[Supplied data Boundary: Start]

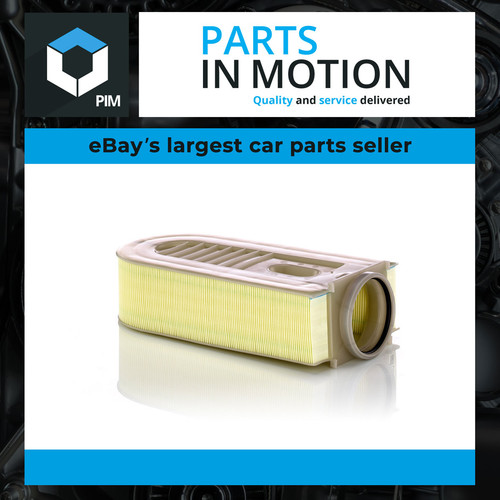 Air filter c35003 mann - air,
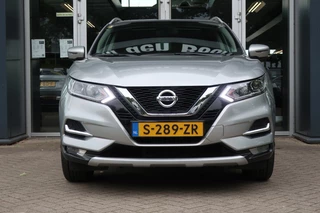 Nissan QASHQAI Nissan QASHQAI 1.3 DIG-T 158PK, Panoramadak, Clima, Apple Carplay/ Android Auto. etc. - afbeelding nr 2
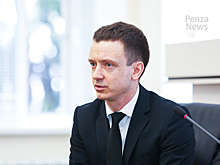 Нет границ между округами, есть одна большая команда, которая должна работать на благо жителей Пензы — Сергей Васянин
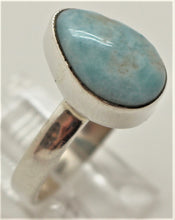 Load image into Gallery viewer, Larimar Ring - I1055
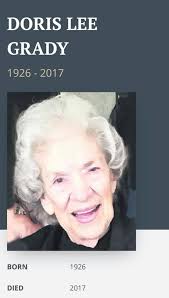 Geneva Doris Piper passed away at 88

[Supplied data Boundary: End]
[Supplied data Boundary: Start]

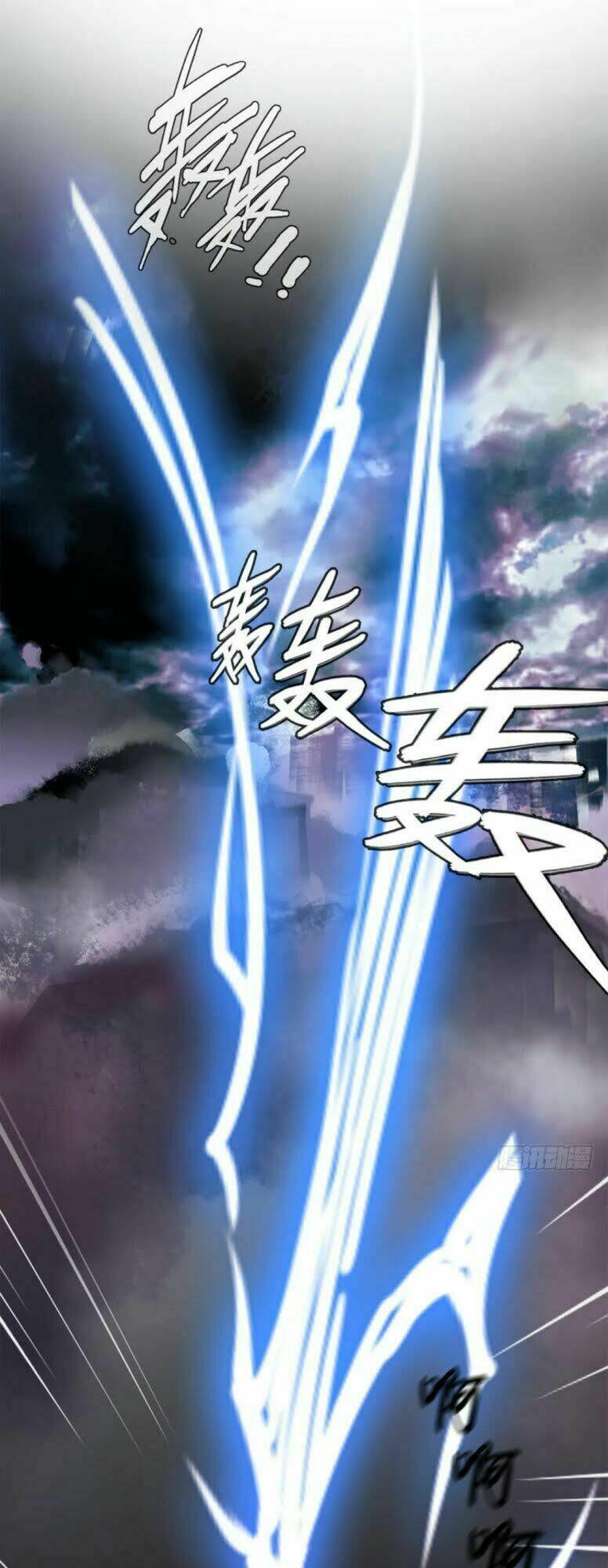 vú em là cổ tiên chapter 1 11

[Supplied data Boundary: End]
[Supplied data Boundary: Start]

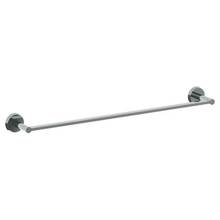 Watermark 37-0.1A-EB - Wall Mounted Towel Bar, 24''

[Supplied data Boundary: End]

_Problem to work on_:
Out of the records above, set down only the lines from the one that contains "Load image into" through the one that contains "Geneva Doris Piper passed away at 88", unchanged and without the pictures.

_Answer_:
 Load image into Gallery viewer, Larimar Ring - I1055
 Geneva Doris Piper passed away at 88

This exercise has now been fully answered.